I'm wondering if there is a module I can use in my audio setup that can trigger a nice big whump whenever a certain sound is heard. Whenever someone gets hit by a shell or any other debilitating object in Mario Kart Wii, I want them to feel it as well. Can this be done or am I crazy?


----------



## recruit (May 9, 2009)

You can go for a  Tactile Transducer  which can emulate the thumps and shake your sofa for example, I have also moved the thread to a more apporiate forum area.


----------



## SinCron (Dec 20, 2010)

I don't think that this forum is more appropriate. There is no initial bass sound that is emitted when one gets hit. I just want something that is triggered by a certain sound in the mid range.
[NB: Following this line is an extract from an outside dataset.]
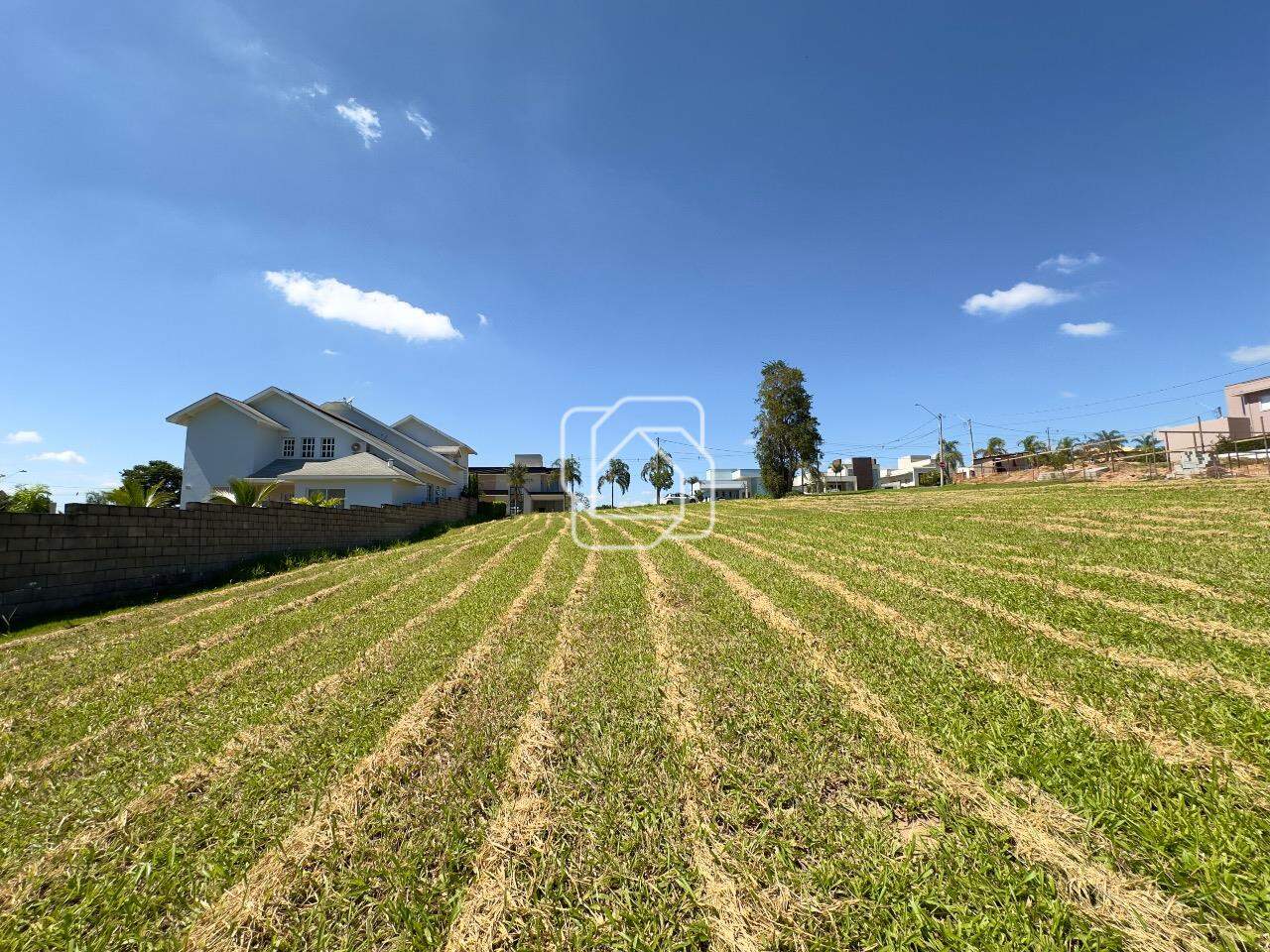 Terreno à venda em Itu - SP - Condomínio Fechado Bothanica Itu:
THEN it would create a 25hz WHUMP.


----------



## recruit (May 9, 2009)

OK, I have moved it back to where it was originally posted.


----------



## Sir Terrence (Jun 8, 2006)

SinCron said:


> I don't think that this forum is more appropriate. There is no initial bass sound that is emitted when one gets hit. I just want something that is triggered by a certain sound in the mid range. THEN it would create a 25hz WHUMP.


I know of no such device that does this. It would be so unnatural sounding and feeling, I don't think anyone would know how to market it.


----------



## SinCron (Dec 20, 2010)

I feel so stupid for not thinking of this sooner but I can just use the vibration module because if you ever get hit, the controller vibrates. Once the signal is sent that causes the vibration, it triggers a sound module that replays an explosion or something. I can't really think this out. Not much sleep lately.


----------